The talks moved ahead with speed after Bosnia's Muslim President, Alija Izetbegovic, began serious bargaining with Serbian and Croatian leaders in a meeting of delegation heads.

The Serbian President, Slobodan Milosevic, said Bosnia's warring factions were within reach of a final settlement of their 16-month war.

'I believe that we have all the elements we need for a final settlement,' he said after late night talks with mediators and his Bosnian Serb protege, Radovan Karadzic, on maps of an ethnically divided Bosnia. 'But we'll see what happens tomorrow,' he added. The three sides have already agreed to place Sarajevo under the control of the United Nations for up to two years as soon as an overall plan to end the war is signed. It now seems evident that the fate of Sarajevo and the possibility of a solution rest on the ability of President Izetbegovic to conduct a diplomacy of compromise that can be ratified by a majority of the Bosnian parliament. At the same time, the President kept up a defiant stream of complaints and demands in his public statements, apparently intended to placate the intransigent members of his entourage.
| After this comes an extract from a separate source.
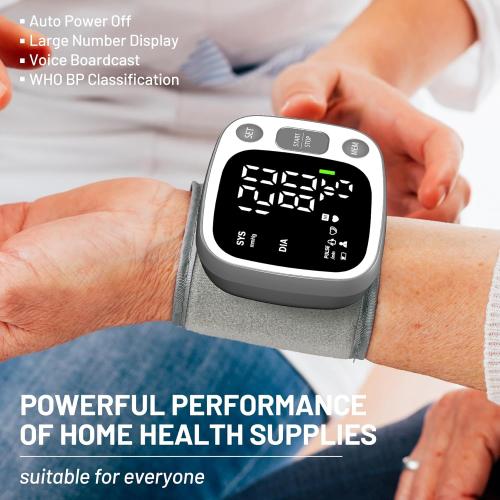 Oklar Wrist Blood Pressure Monitor, FDA Cleared Rechargeable BP Machine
'They must lift the siege of Sarajevo,' he said. 'We may have reached an agreement on the arrangement for Sarajevo but this does not solve the problem of the siege of Sarajevo.'

President Izetbegovic added a further seven conditions that he held necessary for reaching agreement. These included a requirement that UN observers and humanitarian bodies be granted immediate access to the city of Mostar and other towns where heavy fighting has taken place between Muslim and Croatian forces.

Announcing to a press conference that he 'would not sign anything', the President gave an impresssion of stubborn refusal to make concessions. But inside the conference chamber his attitude was quite different.

'Izetbegovic began detailed negotiations, unwillingly, perhaps, but making deals on boundaries and so on,' said a conference source. Negotiating alone, the Muslim leader was able to respond quickly and flexibly to issues as they arose, the source said.

In previous talks the Muslim-dominated Bosnian delegation has proved a cumbersome instrument. Diehard members intervened to prevent compromise and the President exhibited deep unwillingness to go beyond the boundaries of consensus. With this in mind, yesterday's talks were deliberately kept to the Bosnian President, Mr Karadzic, the Croatian chief, Mate Boban, President Milosevic and Croatia's President Tudjman. The co- chairmen of the talks, Lord Owen and Thorvald Stoltenberg, maintained pressure on the warring parties through the day.